:: The problem ::
Lower down are entries containing pictures. Copy exactly, without those pictures, the lines from the line with "ASMR | Fruity" through the line with "Bee Gees : Here".

----- Data in this exercise -----

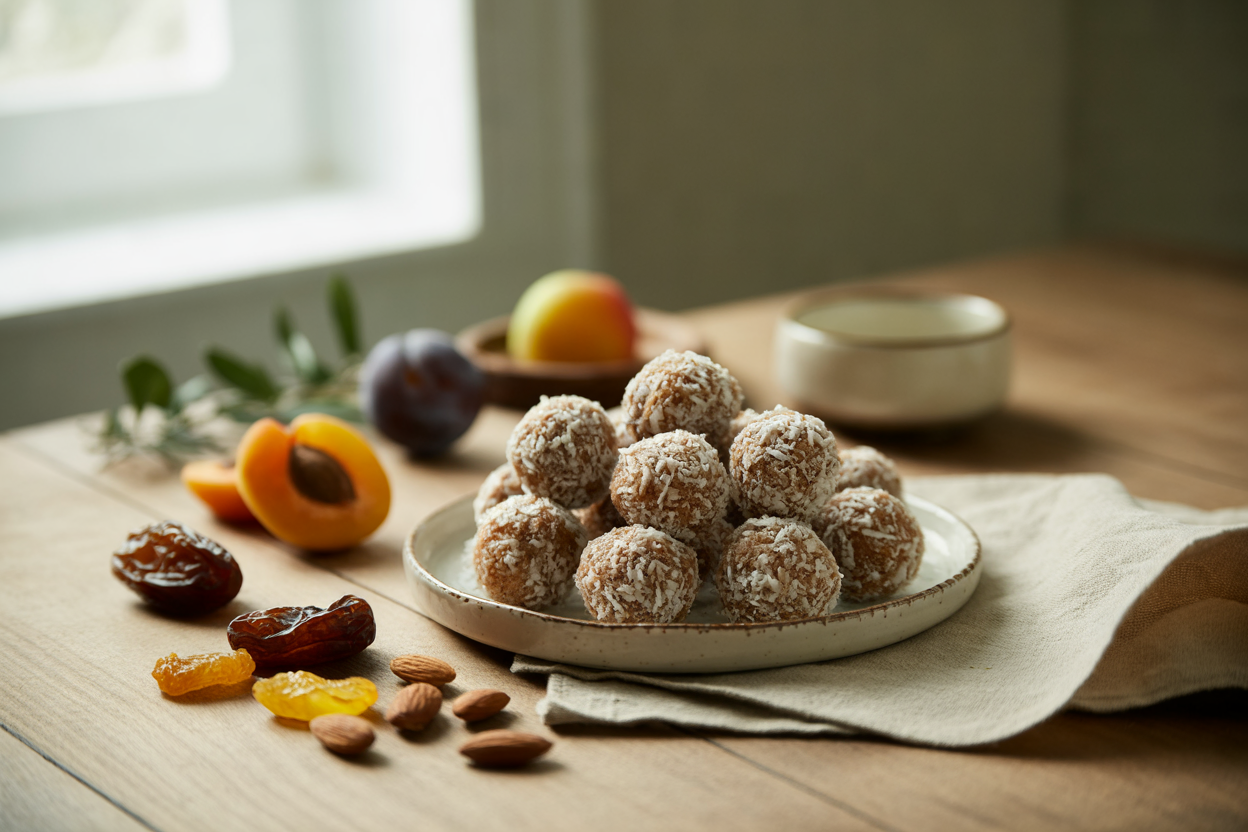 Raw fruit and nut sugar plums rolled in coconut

-----
----- Data in this exercise -----

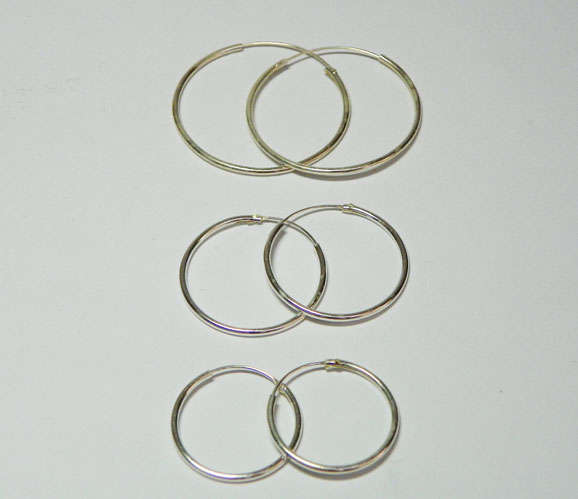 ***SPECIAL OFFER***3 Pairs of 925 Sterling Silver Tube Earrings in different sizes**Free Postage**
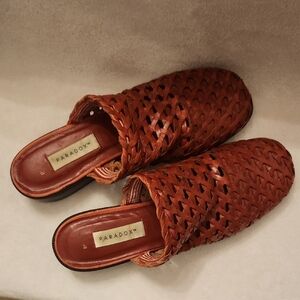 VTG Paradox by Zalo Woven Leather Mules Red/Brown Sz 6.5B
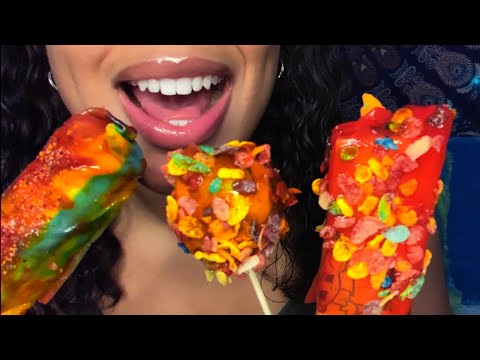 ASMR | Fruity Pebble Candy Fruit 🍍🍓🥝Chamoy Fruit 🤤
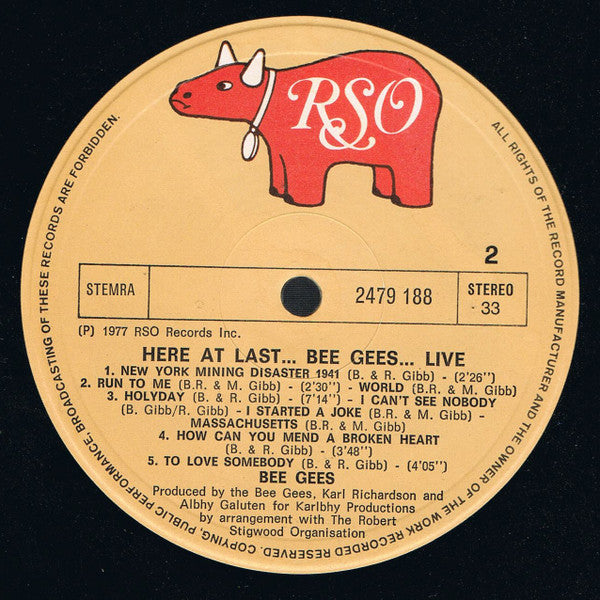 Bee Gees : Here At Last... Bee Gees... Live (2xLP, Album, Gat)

-----

:: Response to this task ::
 ASMR | Fruity Pebble Candy Fruit 🍍🍓🥝Chamoy Fruit 🤤
 Bee Gees : Here At Last... Bee Gees... Live (2xLP, Album, Gat)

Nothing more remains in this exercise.